Open ditches drain very efficiently, but they must be fenced against cattle or the latter will break their sides down, and they must be cleaned out from time to time, which is a laborious process. It can be done by hand, or else by tractors fitted with power-arms, such as the McConnell. Underground drains may not drain quite so freely but they require no maintenance: cattle cannot break them down and you don't have to clean them out. They may not live for ever though. There are two sorts: piped drains and mole drains. Mole drains are merely opened in the soil by a mole drainer pulled behind a tractor: the moler looks like a little torpedo stuck on the bottom of a steel blade. There are plenty of contractors who do this work. Mole drains stand up well in clay soil, less well in lighter soils, and if there are too many big stones or boulders underground you can't make them at all. In good cases they last about eight years.

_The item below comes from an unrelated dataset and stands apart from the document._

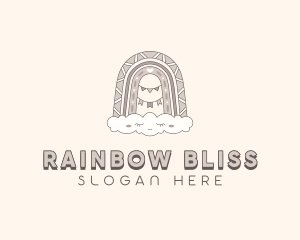 Boho Rainbow Party Flags logo design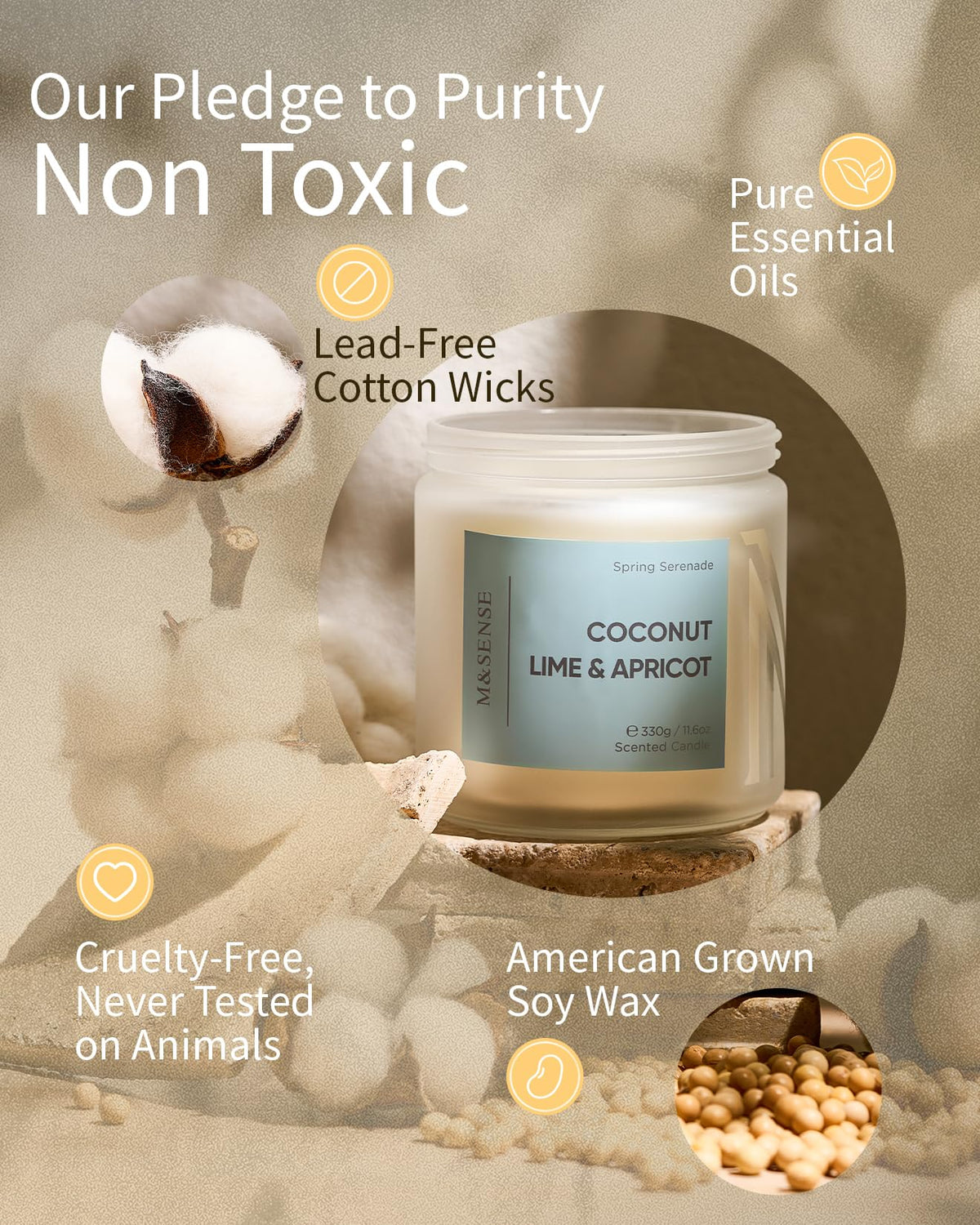 M&SENSE Coconut Scented Candle, 11.6oz Natural Organic Soy Wax, 70-Hour Long Lasting Burning, Clean Burn Non Toxic Tropical Candle for Home, Fruit Scent 2-Wick Housewarming Gift for Family Friends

Piped drains are the other sort of underground drain. A narrow ditch is dug, either by hand or by machine, and a pipe is laid in the bottom of it. Formerly the pipe was fired earthenware, in lengths of from a foot to eighteen inches: now it tends to be of long lengths of plastic. The plastic has holes in it to let the water in , the earthenware pipes let the water in where they join. In either case loose stone or gravel is poured in on top of the pipe and then earth filled in on top. Piped drains may last a very long time. I dug a ditch in heavy land in Suffolk and thus revealed the carefully-bricked outlet of a piped drain with a date on it: 1880. When we cleared the mouth of the drain, water immediately began to run out of it and it was working perfectly.

You can also drain by digging a ditch and putting bushes in it and burying them (the Romans did this) and I have experimented by putting down brushwood and then laying halfsheets of rusty corrugated iron on top of it and filling in the soil. What happens when the iron rusts right away I don't yet know. You can split the sheets easily with an ordinary mattock-standing over them and cutting them down the middle. It is a very good way of getting rid of unsightly old pieces of corrugated iron.